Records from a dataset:
::::

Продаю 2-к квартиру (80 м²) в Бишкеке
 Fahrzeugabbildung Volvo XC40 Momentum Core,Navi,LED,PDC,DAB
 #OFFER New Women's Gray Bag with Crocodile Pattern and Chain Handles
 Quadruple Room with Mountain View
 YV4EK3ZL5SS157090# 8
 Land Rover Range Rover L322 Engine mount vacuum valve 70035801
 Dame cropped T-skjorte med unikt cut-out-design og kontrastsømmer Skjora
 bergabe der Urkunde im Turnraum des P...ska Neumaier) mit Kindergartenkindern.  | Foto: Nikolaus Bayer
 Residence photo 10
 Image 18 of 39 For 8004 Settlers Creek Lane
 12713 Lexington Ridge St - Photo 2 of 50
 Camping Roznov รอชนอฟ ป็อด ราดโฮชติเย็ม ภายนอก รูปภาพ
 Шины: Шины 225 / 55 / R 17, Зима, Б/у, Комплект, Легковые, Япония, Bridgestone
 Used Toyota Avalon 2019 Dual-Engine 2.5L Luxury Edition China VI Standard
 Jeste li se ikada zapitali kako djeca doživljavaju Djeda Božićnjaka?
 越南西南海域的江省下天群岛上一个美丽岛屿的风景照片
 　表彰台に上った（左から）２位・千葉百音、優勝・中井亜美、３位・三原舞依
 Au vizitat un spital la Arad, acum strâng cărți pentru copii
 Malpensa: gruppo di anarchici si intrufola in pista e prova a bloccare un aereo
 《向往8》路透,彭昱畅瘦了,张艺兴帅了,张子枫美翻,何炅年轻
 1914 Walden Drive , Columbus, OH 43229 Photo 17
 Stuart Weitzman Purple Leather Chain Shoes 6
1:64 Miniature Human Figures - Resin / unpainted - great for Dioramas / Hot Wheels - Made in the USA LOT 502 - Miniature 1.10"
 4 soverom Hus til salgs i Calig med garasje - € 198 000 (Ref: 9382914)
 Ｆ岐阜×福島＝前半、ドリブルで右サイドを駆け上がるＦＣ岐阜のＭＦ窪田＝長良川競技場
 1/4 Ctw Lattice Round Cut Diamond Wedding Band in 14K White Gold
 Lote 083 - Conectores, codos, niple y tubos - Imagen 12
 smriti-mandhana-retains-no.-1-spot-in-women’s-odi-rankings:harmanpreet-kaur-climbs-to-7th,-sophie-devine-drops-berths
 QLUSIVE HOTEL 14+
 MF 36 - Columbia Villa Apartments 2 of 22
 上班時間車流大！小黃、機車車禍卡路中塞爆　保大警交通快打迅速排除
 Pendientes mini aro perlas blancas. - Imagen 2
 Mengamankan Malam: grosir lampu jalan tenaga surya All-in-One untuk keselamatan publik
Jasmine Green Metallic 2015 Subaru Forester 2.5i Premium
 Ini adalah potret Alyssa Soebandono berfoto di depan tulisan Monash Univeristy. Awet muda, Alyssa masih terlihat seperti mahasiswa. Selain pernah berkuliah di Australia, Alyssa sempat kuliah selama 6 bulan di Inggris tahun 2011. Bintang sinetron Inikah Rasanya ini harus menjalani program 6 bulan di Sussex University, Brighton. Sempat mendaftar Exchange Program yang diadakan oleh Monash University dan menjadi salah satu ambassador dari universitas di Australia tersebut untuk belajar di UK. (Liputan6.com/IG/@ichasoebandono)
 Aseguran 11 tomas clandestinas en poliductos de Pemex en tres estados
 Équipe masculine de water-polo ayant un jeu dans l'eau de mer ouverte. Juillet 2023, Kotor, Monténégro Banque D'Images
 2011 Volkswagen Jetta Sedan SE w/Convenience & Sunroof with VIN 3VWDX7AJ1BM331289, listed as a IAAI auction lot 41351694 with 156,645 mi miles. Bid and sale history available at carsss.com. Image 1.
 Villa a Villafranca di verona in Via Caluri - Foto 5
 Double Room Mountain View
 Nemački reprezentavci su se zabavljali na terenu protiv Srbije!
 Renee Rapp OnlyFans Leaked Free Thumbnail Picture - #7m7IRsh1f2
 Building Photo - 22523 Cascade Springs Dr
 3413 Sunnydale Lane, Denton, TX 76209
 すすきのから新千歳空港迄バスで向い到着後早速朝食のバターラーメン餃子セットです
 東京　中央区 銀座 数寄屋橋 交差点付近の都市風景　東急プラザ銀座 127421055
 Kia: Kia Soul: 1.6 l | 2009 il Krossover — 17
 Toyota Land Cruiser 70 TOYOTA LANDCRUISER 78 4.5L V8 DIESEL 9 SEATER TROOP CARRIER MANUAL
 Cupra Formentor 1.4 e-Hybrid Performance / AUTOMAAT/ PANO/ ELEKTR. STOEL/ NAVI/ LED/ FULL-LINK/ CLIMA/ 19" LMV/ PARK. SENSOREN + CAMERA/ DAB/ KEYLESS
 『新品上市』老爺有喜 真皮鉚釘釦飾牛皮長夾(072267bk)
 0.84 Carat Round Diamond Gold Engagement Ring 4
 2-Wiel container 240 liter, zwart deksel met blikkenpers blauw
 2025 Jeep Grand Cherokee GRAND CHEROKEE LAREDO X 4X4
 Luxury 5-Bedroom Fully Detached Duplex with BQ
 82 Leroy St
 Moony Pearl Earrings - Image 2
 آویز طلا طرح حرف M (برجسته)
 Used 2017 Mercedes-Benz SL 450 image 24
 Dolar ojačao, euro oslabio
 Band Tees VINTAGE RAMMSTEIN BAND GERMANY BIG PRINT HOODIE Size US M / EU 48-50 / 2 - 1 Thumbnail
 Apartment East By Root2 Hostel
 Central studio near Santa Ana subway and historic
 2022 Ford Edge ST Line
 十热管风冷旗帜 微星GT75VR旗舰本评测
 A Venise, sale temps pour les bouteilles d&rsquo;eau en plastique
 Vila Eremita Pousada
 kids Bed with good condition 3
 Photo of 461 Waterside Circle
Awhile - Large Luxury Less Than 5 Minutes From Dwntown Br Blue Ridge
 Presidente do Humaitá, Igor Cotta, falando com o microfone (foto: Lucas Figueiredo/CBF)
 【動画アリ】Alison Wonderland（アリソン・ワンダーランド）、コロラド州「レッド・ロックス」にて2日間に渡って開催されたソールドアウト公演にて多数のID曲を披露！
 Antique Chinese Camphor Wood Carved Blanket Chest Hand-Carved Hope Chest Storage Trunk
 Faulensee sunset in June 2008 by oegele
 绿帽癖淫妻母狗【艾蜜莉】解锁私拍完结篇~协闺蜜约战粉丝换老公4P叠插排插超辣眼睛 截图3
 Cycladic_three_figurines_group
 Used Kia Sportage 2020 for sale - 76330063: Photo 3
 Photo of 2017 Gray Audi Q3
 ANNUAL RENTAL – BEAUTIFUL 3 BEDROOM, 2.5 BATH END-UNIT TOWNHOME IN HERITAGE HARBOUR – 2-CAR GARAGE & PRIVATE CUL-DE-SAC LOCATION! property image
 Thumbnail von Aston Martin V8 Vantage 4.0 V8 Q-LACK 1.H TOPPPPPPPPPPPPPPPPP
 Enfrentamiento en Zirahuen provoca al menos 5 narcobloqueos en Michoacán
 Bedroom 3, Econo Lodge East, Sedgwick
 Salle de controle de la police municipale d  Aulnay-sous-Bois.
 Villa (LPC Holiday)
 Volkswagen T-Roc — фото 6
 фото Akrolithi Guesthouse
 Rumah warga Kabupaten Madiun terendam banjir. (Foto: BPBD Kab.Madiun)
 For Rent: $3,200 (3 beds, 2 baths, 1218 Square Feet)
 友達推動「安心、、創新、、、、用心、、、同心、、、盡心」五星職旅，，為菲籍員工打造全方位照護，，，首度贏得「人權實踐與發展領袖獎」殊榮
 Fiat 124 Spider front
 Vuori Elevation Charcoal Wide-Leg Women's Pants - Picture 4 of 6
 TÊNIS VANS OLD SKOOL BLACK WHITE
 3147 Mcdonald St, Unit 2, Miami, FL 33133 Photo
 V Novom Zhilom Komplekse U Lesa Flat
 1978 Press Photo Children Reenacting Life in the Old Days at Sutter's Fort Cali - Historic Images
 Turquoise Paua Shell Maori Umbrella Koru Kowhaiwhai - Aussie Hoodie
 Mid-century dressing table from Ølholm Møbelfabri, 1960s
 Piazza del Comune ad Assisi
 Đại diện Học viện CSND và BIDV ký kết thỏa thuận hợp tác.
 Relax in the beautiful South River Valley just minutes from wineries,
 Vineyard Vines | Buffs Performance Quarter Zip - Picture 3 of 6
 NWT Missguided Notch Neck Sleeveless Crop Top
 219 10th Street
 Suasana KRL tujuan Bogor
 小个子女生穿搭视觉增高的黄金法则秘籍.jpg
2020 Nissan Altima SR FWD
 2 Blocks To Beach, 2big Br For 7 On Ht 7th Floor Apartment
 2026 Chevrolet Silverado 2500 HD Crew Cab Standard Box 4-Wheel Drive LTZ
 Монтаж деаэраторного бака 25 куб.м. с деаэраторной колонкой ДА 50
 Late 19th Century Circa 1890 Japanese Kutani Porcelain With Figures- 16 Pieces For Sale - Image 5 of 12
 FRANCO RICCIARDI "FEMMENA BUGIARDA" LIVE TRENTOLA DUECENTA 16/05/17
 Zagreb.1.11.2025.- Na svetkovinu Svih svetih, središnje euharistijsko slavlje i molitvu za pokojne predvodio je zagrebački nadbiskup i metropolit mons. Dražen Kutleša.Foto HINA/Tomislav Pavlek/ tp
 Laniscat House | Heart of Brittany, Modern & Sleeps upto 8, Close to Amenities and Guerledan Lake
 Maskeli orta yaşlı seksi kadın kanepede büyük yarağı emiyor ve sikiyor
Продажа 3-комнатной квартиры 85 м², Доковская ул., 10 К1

::::

-- What is expected --
All lines above that hold the string "Toyota" should be copied.

-- The answer --
 Used Toyota Avalon 2019 Dual-Engine 2.5L Luxury Edition China VI Standard
 Toyota Land Cruiser 70 TOYOTA LANDCRUISER 78 4.5L V8 DIESEL 9 SEATER TROOP CARRIER MANUAL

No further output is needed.